Alexandra Yeung Ka Wah

Personal information
- Traditional Chinese: 楊嘉華
- Simplified Chinese: 杨嘉华

Standard Mandarin
- Hanyu Pinyin: Yáng Jiāhuá
- Wade–Giles: Yang Chia‑hua

Yue: Cantonese
- Jyutping: Joeng4 Gaa1 Waa4
- Nationality: Canadian-Chinese
- Born: 15 September 1972 (age 53)

Sport
- Sport: Cycling

= Alexandra Yeung =

Hong Kong cyclist (born 1972)

Alexandra Yeung Ka Wah (楊嘉華 (杨嘉华); born 15 September 1972) is a Hong Kong cyclist. She competed in the women's cross-country mountain biking event at the 2000 Summer Olympics. Shen Jin-kang began coaching her in 1997. Yeung represented Hong Kong in multiple international cycling competitions, including at the 1997 World Cycling Championships B, the 1998 and the 2002 Asian Games, and the 1999 and 2001 Asian Cycling Championships.

==Biography==
Yeung is Canadian-Chinese. She competed in the 5th Hong Kong Junior Triathlon Championship (香港三項小鐵人錦標賽) held in 1991. With a time of 49 minutes and 46 seconds in the cycling contest, Yeung placed first in the girls' under-18 group. She began being coached by Shen Jin-kang in August 1997. That year, she participated in the 1997 National Games of China. Yeung competed in December 1997 at the World Cycling Championships B held at the Velodrome Rakyat in Malaysia. After receiving a bronze medal in the 16 km points race, she placed fourth in the 3 km individual pursuit and sixth in the road race. Yeung competed in the 1998 Asian Games.

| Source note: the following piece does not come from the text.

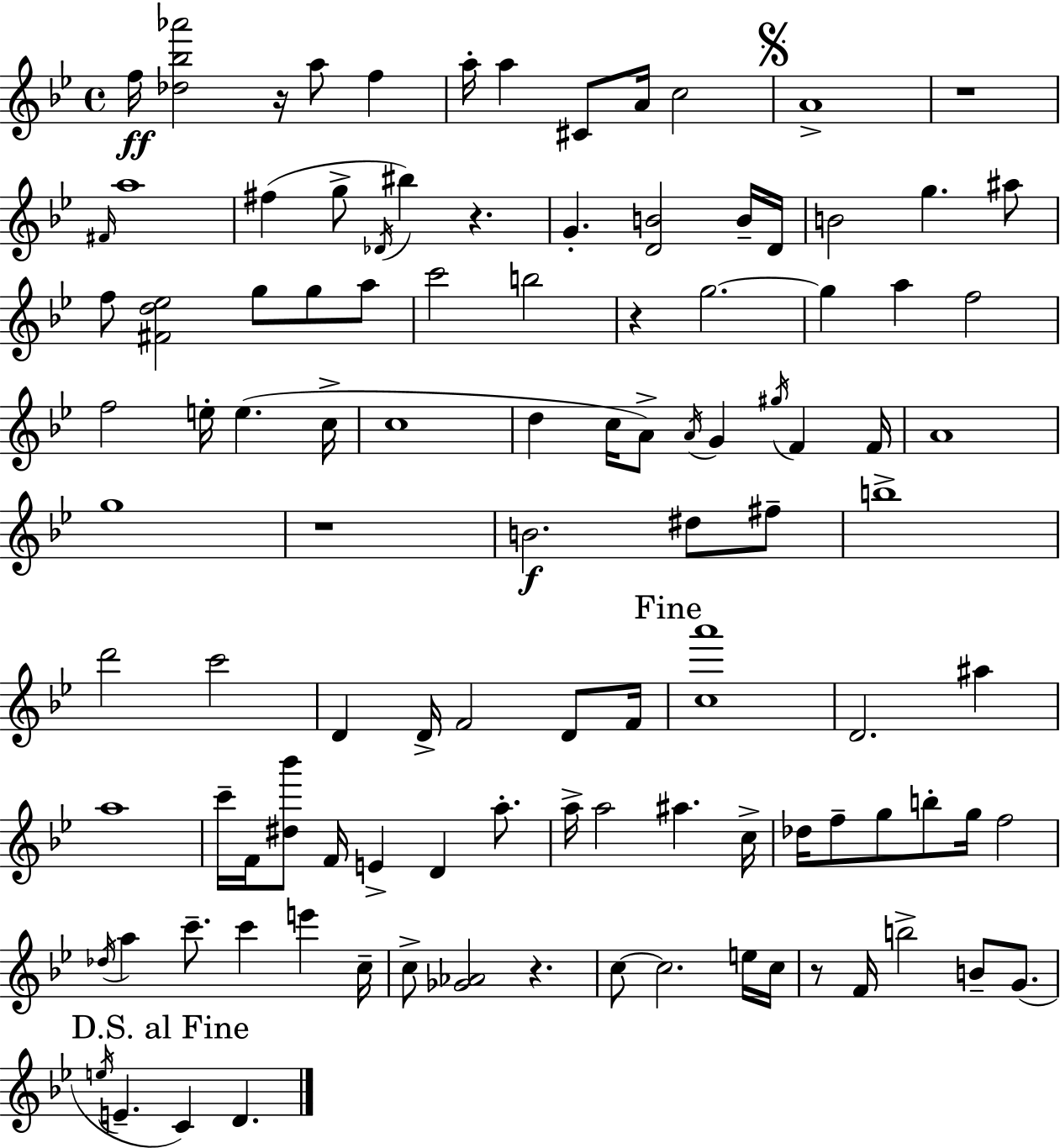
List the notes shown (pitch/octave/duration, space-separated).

At the 1999 Asian Cycling Championships, Yeung received the ninth and final place in the women's 68.5 km individual road bicycle racing. She placed 27th in the women's cross-country mountain biking event at the 2000 Summer Olympics with a time of two hours, 11 minutes, and 29.79 seconds. She was added to the Olympic roster late in the process, having been told she qualified for the team a little over a month before the competition. The 2000 Summer Olympics opening ceremony took place on the same day as Yeung's birthday so Yeung's coach, Shen Jin-kang, designated a physiotherapist to purchase gifts on behalf of the team for her. Kenneth Howe of the South China Morning Post called Yeung's showing there as among the finest by a Hong Kong athlete.

At the 2001 Asian Cycling Championships, Yeung placed seventh in the women's 74 km individual road race out of 22 total participants. In May 2002, Yeung trained in Trexlertown, Pennsylvania, with Lauren Franges. In July that year, she broke her right collarbone while training in the United States so missed an Asian Championships event. Before returning to Hong Kong, she spent time training with a professional American cycling team until the middle of September. Later that year at the 2002 Asian Games, Yeung competed in the 24.2 km time trial final and placed fifth with a time of 37 minutes and 21.16 seconds. She traveled to Busan with her 210 kg of gear, among them a motorcycle and a bicycle. Hong Kong football team members, who flew on the same plane with her, helped her with her luggage. In November 2002, Yeung competed in the Himalaya Mountain Climbing Cycling Race (喜瑪拉雅山爬山單車賽), which took place over three days in the Himalayas in Kathmandu, Nepal. In the women's division, she placed second overall, having finished second twice and first once. On the final day, she raced using one hand for the final 20 km on a steep downhill segment, matching her typical speed despite having sprained her left hand when hitting a mud-filled pothole. The race featured 150 cyclists from Europe and Asia.